Portrait d'Aliaa Essam.
© Olivier Vogelsang

Aliaa Essam, heureuse dans sa vie de peintre...

Artiste peintre d’origine égyptienne, Aliaa Essam, installée à Genève, consacre l’essentiel de son œuvre à représenter des femmes, écho à sa fibre féministe

La beauté conjuguée au féminin, versions jeunisme et mensurations de rêve, n’intéresse pas Aliaa Essam. Ses modèles à elle intègrent une palette de femmes de tous les âges, croquées dans leur quotidien et échappant au diktat d’images promues par la publicité. Une maman prend soin de son enfant; une lectrice, détendue, se concentre sur son ouvrage, confortablement installée sur son canapé, dans son foyer; de vieilles dames dégustent, complices, une glace; un groupe de baigneuses profitent du bord de mer, indifférentes à leurs rondeurs... L’artiste immortalise sur ses toiles des femmes ordinaires. Universelles. Avec leurs défauts et leur éclat propre. Dans des activités de tous les jours. Aux «sujets parfaits», cette sympathique Egyptienne de 40 ans, installée à Genève depuis plus d’une décennie, privilégie l’authenticité et des scènes de vie auxquelles chacun peut s’identifier. «L’idée de peindre des femmes dans leur routine s’est imposée naturellement. Quant à la beauté, il s’agit d’une notion pour le moins variable», note Aliaa Essam, soucieuse également de valoriser l’indépendance, l’«autosuffisance» de ses protagonistes. Une manière d’exprimer sa fibre féministe à laquelle ses origines ne sont certainement pas non plus étrangères. «Dans mon pays, beaucoup de femmes n’ont pas accès à la liberté, ne peuvent pas exercer leurs droits fondamentaux.
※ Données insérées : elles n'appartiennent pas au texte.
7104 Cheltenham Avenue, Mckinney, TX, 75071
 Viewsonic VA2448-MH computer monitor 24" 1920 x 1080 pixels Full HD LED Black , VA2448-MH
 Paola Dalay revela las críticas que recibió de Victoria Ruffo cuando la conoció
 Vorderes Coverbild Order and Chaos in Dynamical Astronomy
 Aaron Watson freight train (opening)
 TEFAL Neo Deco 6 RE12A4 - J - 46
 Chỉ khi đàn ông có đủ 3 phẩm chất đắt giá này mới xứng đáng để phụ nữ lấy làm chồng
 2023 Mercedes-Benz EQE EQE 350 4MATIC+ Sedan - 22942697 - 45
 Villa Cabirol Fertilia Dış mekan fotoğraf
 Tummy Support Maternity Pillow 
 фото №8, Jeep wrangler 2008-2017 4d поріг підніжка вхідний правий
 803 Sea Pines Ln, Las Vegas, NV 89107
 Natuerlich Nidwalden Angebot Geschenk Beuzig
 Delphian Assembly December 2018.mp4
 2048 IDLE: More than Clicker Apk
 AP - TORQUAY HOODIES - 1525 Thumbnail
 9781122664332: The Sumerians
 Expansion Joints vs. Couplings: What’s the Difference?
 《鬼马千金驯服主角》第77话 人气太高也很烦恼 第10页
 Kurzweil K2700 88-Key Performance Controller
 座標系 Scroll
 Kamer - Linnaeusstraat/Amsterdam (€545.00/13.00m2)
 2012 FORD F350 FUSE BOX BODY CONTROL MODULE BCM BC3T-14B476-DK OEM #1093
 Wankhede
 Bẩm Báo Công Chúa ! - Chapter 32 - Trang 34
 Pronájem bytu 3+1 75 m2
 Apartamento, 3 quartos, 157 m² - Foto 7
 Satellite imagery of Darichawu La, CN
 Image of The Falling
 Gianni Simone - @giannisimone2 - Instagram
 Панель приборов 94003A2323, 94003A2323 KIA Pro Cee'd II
Mes tableaux reflètent peut-être aussi inconsciemment cette réalité.» Des œuvres où le thème de la plage revient par ailleurs de manière récurrente. «Ce qui m’attire dans ce décor? La lumière, le mouvement, les couleurs et les contrastes, l’ambiance», précise cette amoureuse du soleil et de l’eau, qui recourt à toutes les techniques. Et s’adonne avec bonheur à son art depuis l’enfance.

Alarme mentale

«Gamine, je consacrais déjà mes loisirs à dessiner. Il faut dire que ma grand-mère et ma mère ont ouvert la voie. Toutes deux peignaient», raconte la Genevoise d’adoption, qui a terminé son cursus artistique au Caire et œuvré professionnellement dans le domaine, avant, en 2008, de s’envoler pour Madrid. Un départ motivé par son mariage avec un Espagnol. «J’ai rencontré celui qui est devenu mon mari dans la capitale égyptienne. Il étudiait l’arabe. Nous nous sommes ensuite installés dans son pays.» Un an plus tard, le couple gagne la ville du bout du lac en raison de la grave crise économique secouant l’Espagne. Aliaa Essam et son époux y ont chacun décroché un travail. «J’ai été engagée par l’ONU, au bureau des droits de l’homme. J’occupais un poste dans l’administration», relate la polyglotte qui, outre l’arabe, maîtrise l’anglais, le français et l’espagnol. Cinq ans plus tard, l’employée donne toutefois sa démission. Non pas par désintérêt pour son job mais parce qu’elle ne dispose plus assez de temps pour se consacrer à sa passion. «Chaque jour, j’entendais mentalement une alarme m’alertant sur le fait que je ne me trouvais pas à ma place. Que je devais réaliser ce pourquoi j’étais faite dans la vie: peindre! J’ai économisé et quitté alors mes fonctions.» Un acte courageux qu’Aliaa Essam n’a regretté à aucun instant et une vocation menée avec beaucoup de rigueur et d’exigence. Et d’un point de vue de la discipline horaire et au niveau des résultats qu’elle souhaite atteindre.

Pas de mal du pays...

«Quand je débute un tableau, c’est comme une lune de miel. Puis, surgissent les problèmes à résoudre en termes de lumière, de composition, etc., comme dans les mathématiques. Il faut parfois tout détruire et repartir de zéro. Je touche au moment parfait quand, peignant, je m’oublie», affirme la jeune quadragénaire déterminée et persévérante qui, pandémie oblige, vend aujourd’hui essentiellement ses toiles en ligne. Non sans rêver d’exposer davantage dans des temps meilleurs. Et d’évoluer encore dans sa carrière.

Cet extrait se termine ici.